• Information given
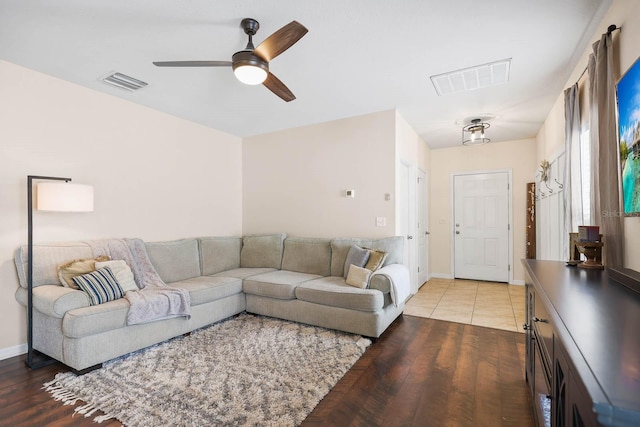 14426 Haddon Mist Dr, Wimauma, FL 33598 - living room with visible vents, light wood-style floors, and a ceiling fan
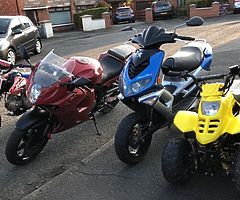 125 QUAD TWIN EXHUST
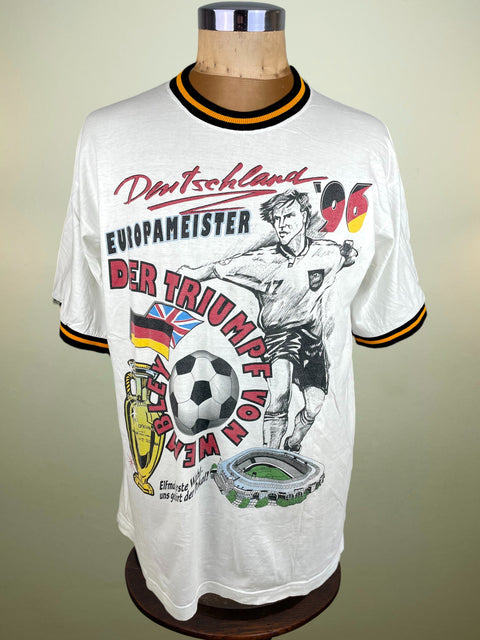 Vintage soccer jersey with German design on a mannequin against a plain background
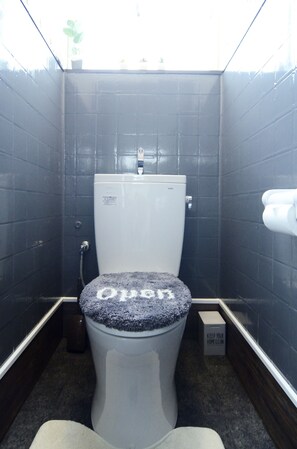A small, dark-colored bathroom with a toilet, a trash bin, and a small box labeled "KEEP YOUR HOME CLEAN." - South Island (Itoman)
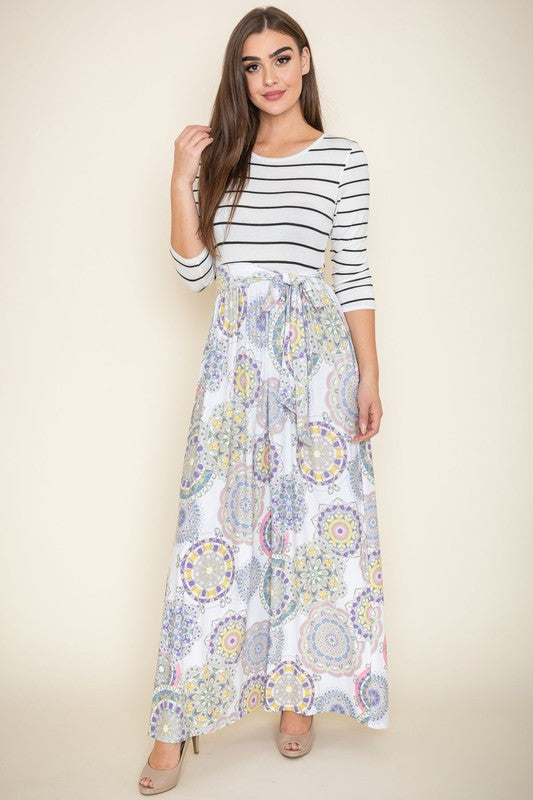 A woman with long brown hair is posing in a stylish outfit. She's wearing a white top with black stripes and a long white skirt with colorful circular patterns. She's got on tan heels and is touching her hair with one hand.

• Aim of the task
Write out, word for word, the lines from the start of the data through the one holding "Vintage soccer jersey". Omit pictures.

• Exercise response
 14426 Haddon Mist Dr, Wimauma, FL 33598 - living room with visible vents, light wood-style floors, and a ceiling fan
 125 QUAD TWIN EXHUST
 Vintage soccer jersey with German design on a mannequin against a plain background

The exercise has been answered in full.